In 1955, Dr. James Brown invented a "logical language" which was designed to test the theory that natural languages limit human thought. It has been described by Dr. Brown as "symbolic logic made speakable" which "derives its word-stock impartially from the eight most widely spoken natural languages and so is culturally and politically neutral as well as suitable for cross-cultural linguistic experimentation." Dr. Brown coined the word "Loglan" (derived from logical language) to designate the new language. He first used the term Loglan in a publication in 1956; several years later, in 1962, he formed the Institute to promote the development and use of Loglan. On August 17, 1987, the Institute applied for registration of Loglan as a
Apparently unhappy with the Institute's progress in developing the language, a member of the Institute left and in November 1988 founded the Language Group. In February 1989, the Language Group published a newsletter regarding the progress of its logical language. In the newsletter, several references were made to Loglan, prompting the Institute to threaten the Language Group with a trademark infringement suit.

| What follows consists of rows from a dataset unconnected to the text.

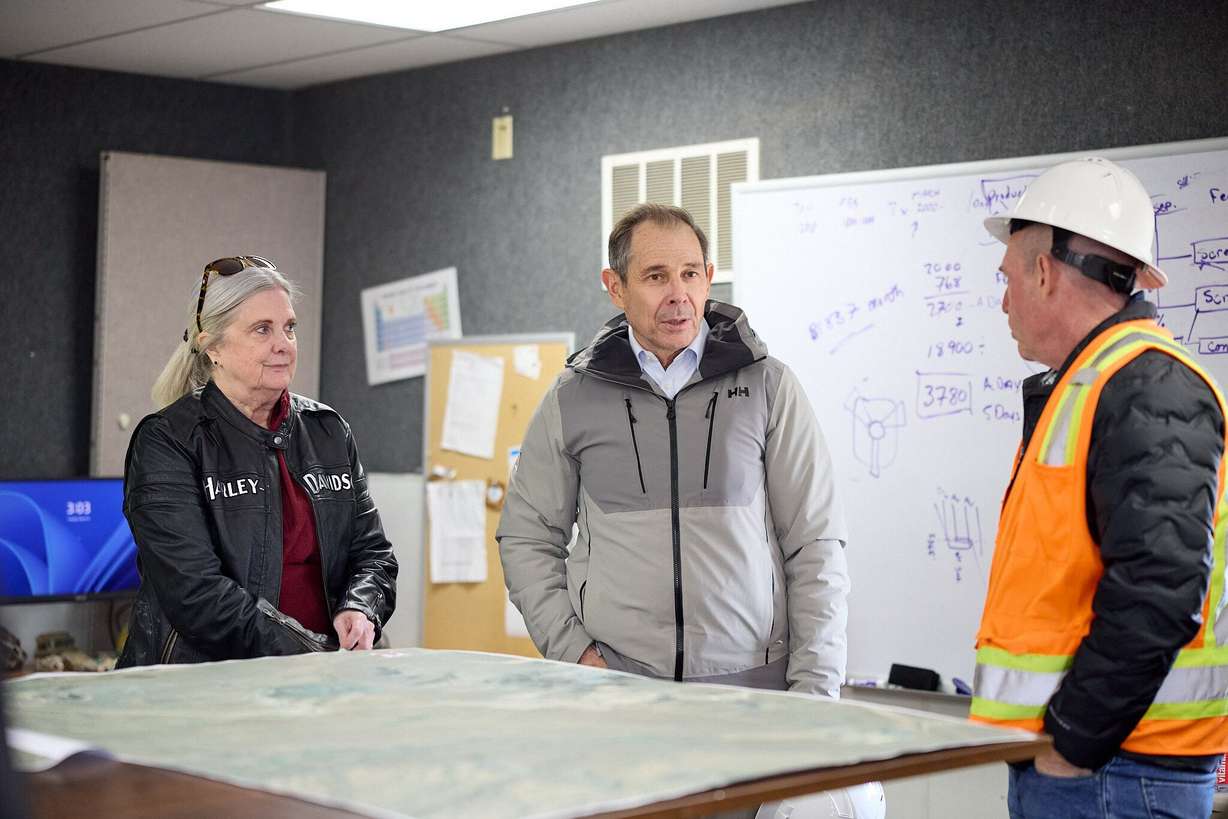 Lorie Fowlke, Sen. John Curtis’ state director, Curtis, and Michael Eggleton, one of the mine shareholder at a recent tour of the facility.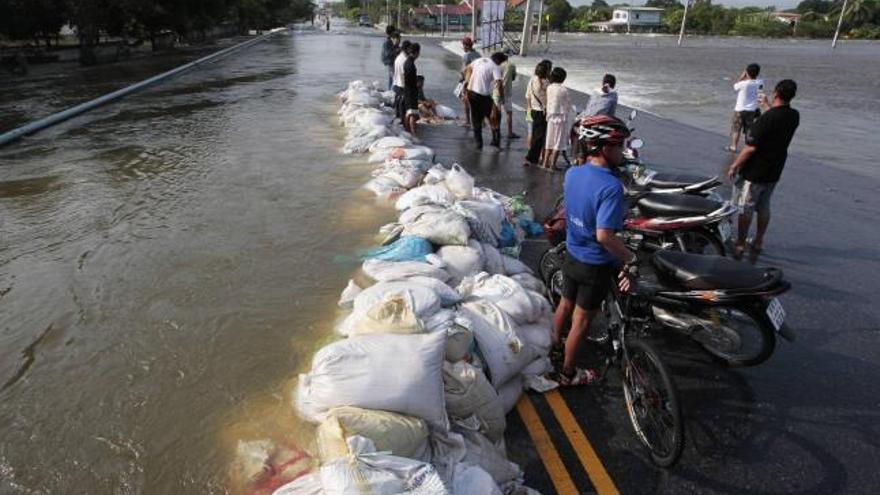 Varias personas, junto a un precario dique de contención en una calle anegada en Tailandia.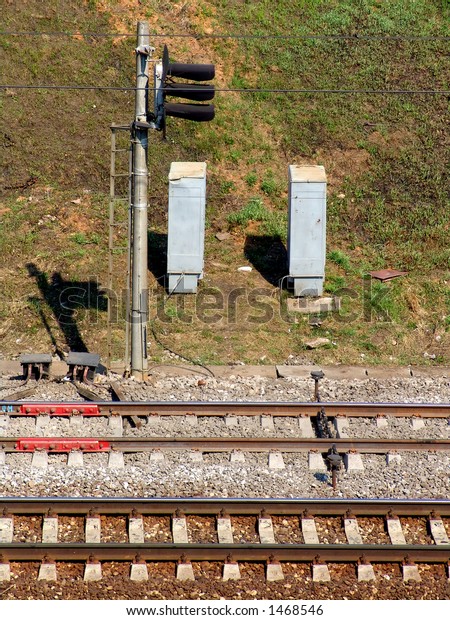 Two pairs of rails and a\
signal post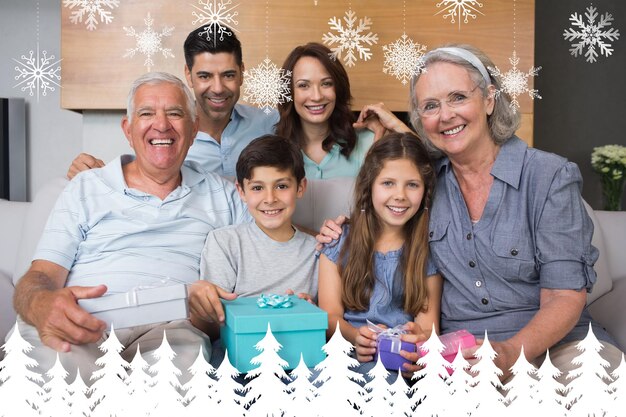 Foto família estendida no sofá com caixas de presente na sala de estar contra floresta de abetos e flocos de neve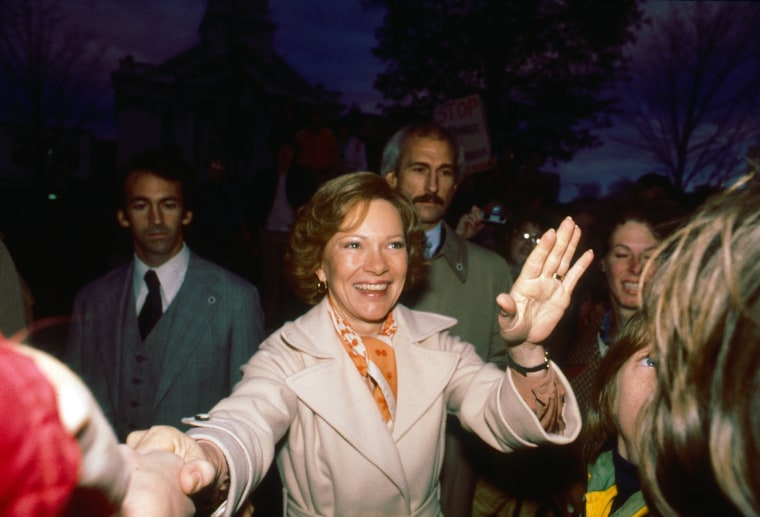 US First Lady Rosalynn Carter shakes hands and waves the other during a campaign event in New Hampshire on October 24, 1979.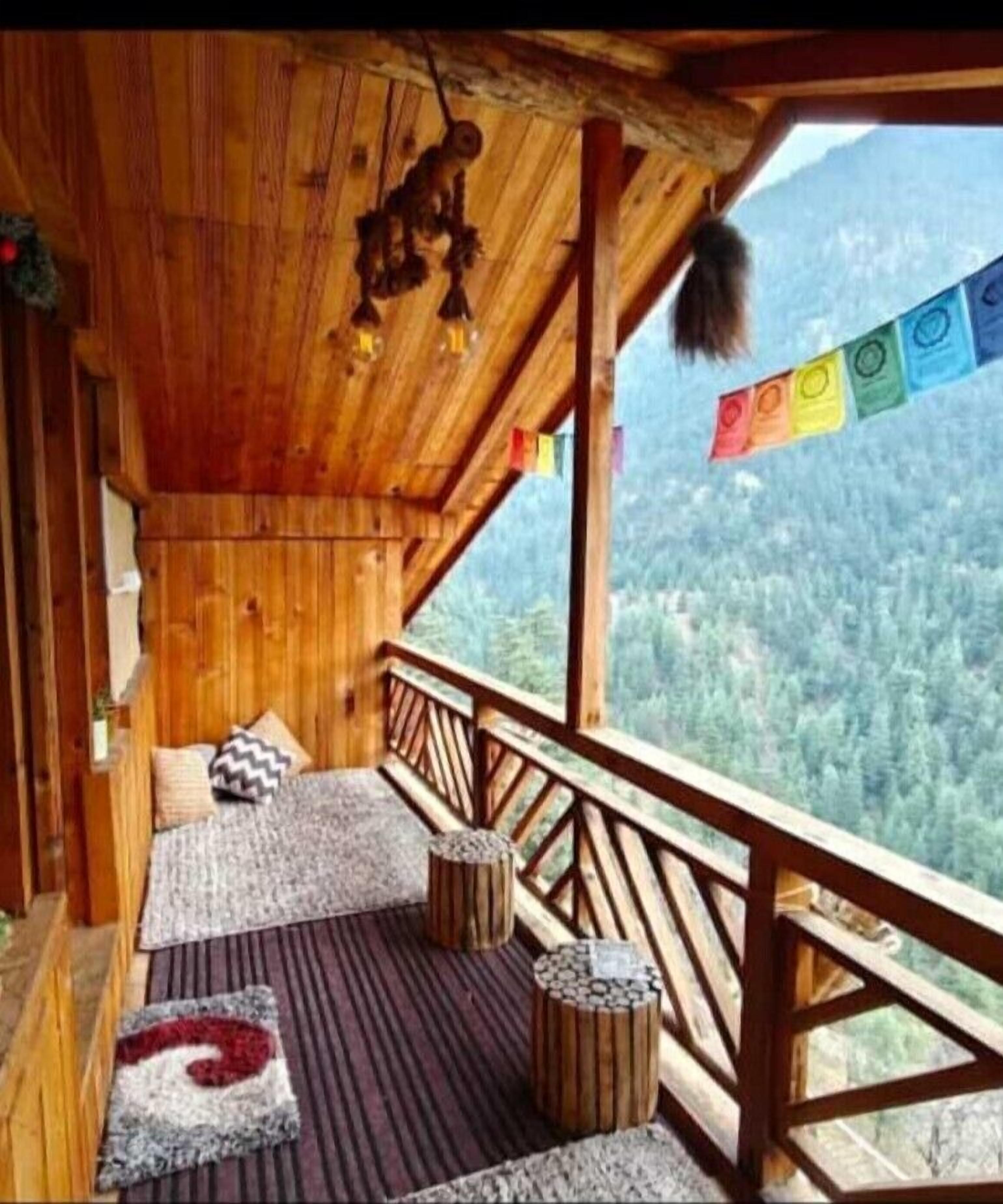 A wooden cabin with a balcony overlooking a forested valley.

On May 23, 1989, the Language Group petitioned the Board to cancel the Institute's registration of the mark Loglan, alleging that Loglan is merely a contraction of, or generic name for a logical language. The Language group also contended that the application for registration had been fraudulently made, or, if a trademark ever existed for Loglan, the mark had been abandoned. After both parties moved for summary judgment, the Board granted the Language Group's motion and ordered cancellation on the ground that Loglan is "a generic designation identifying a language rather than a trademark to indicate the source of goods." Additionally, the Board found that the application had not been fraudulently made and that the abandonment issue was moot. The Board refused to consider the affirmative defenses raised by the Institute, stating that some were not within the Board's jurisdiction and others were not good defenses against a charge of genericness. The Institute argues here that the Board erred in holding that Loglan was a generic term and in refusing to consider the affirmative defenses.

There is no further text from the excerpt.